Ring vaccination (expanding ring, surveillance and containment) is a public health measure designed to prevent spread of disease from infected persons to others. This approach targets persons who have had close contact with confirmed or suspected cases and are at a higher risk of infection by vaccinating them first (Figure).
This strategy has shown remarkable success in combating smallpox caused by respiratory droplet/direct contact–based transmission and shortened incubation for the vaccine. The concept of protecting persons closely exposed to smallpox cases might have its origins in the late 18th century, when the London Small-Pox and Inoculation Hospital was established in 1746. Haygarth (1793) and Carl (1799) suggested systematic variolation of the population and isolation of smallpox cases. In 1877, the Leicester Method, which involved prompt notification, isolation, and quarantine of smallpox cases, was introduced in Leicester (a town in East Midlands, England), and was advocated by local anticompulsory vaccinationists. In 1896, the Royal Commission on Vaccination recommended infant vaccination to control smallpox, although C. Killick Millard, Medical Officer of the Health, appealed for reconsideration.
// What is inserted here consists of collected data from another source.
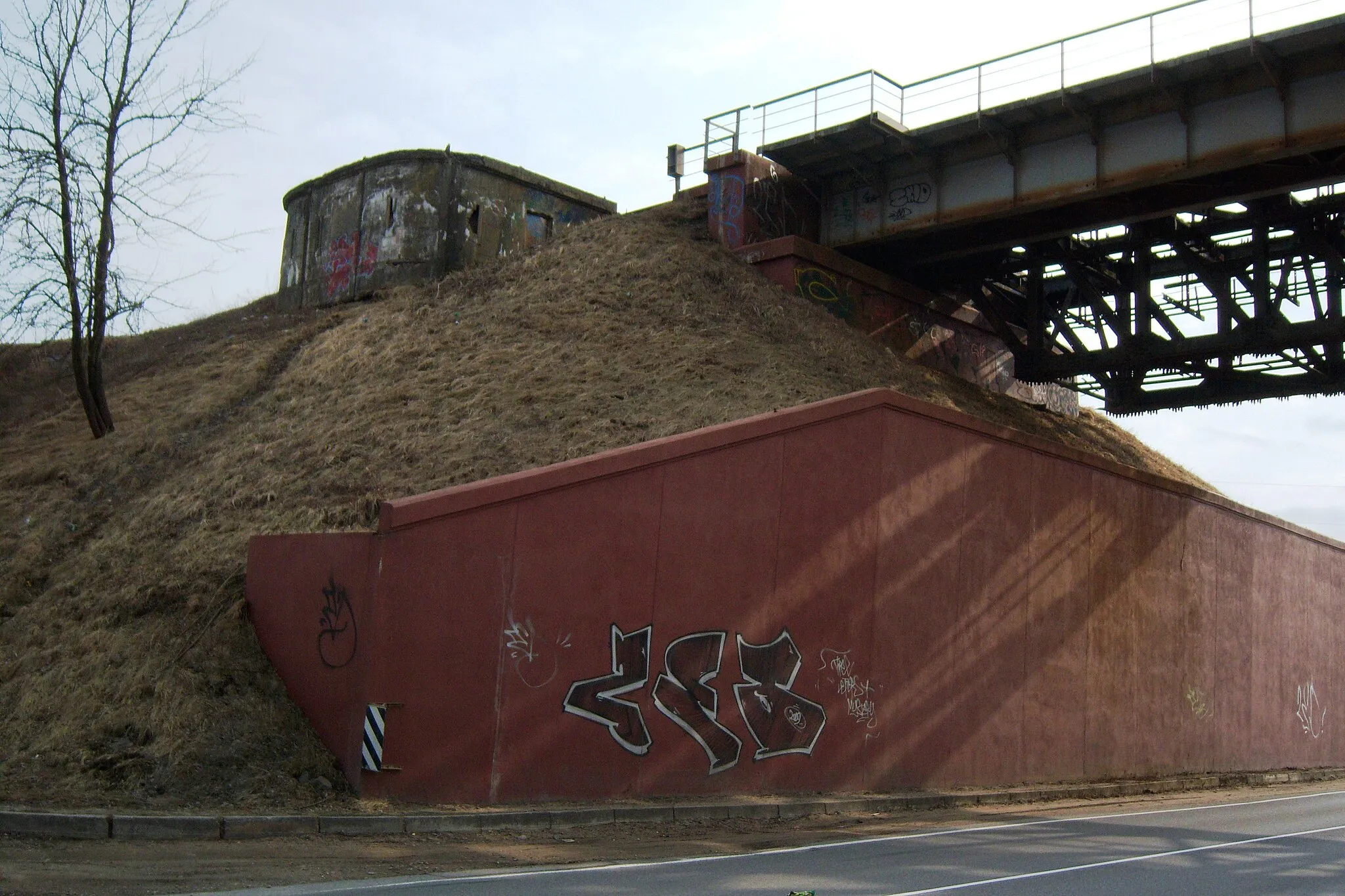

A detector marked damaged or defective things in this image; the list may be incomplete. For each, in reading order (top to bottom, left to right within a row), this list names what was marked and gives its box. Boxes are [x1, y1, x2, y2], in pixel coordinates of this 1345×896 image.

rusted metal structure [284, 147, 620, 309]
rusted metal structure [678, 0, 1345, 412]
rusted metal structure [250, 389, 1345, 803]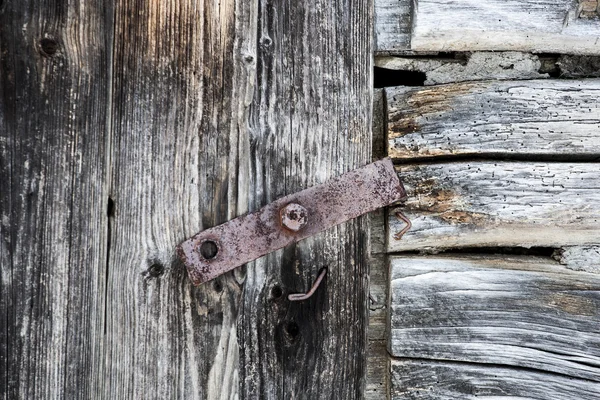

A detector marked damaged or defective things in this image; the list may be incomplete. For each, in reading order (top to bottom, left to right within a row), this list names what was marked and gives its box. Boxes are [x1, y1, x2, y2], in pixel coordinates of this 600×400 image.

rusty metal strap [176, 157, 406, 284]
rusty metal latch [176, 158, 406, 286]
bent rusty nail [176, 158, 406, 286]
rusty hook [392, 209, 410, 241]
bent rusty nail [394, 209, 412, 241]
bent rusty nail [288, 268, 328, 302]
rusty hook [290, 268, 328, 300]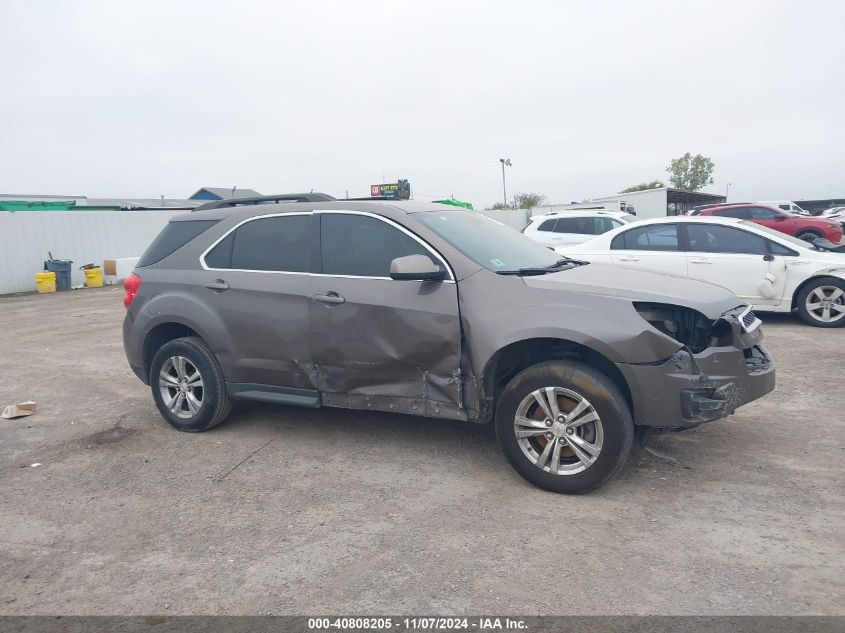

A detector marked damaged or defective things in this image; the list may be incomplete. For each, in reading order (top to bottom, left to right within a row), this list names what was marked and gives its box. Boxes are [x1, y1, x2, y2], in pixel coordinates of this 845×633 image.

dented front door [308, 212, 462, 420]
dented rear door [308, 212, 464, 420]
damaged gray suv [122, 193, 776, 494]
missing headlight [632, 300, 720, 350]
damaged front bumper [616, 304, 776, 428]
The Leicester method was later supplemented with vaccination or revaccination of contacts in the early 20th century.
After World War II in 1946, despite limited vaccine supplies, Dixon eliminated a smallpox outbreak in the Tripolitania (a former province of Libya) using a method termed expanding ring vaccination. In 1967, Foege and colleagues introduced this concept as surveillance and containment in the smallpox eradication campaign in Nigeria. The strategy proved successful for smallpox because of the disease’s relatively slow spread, mostly through face-to-face contact. The term ring vaccination is now universally used for this process.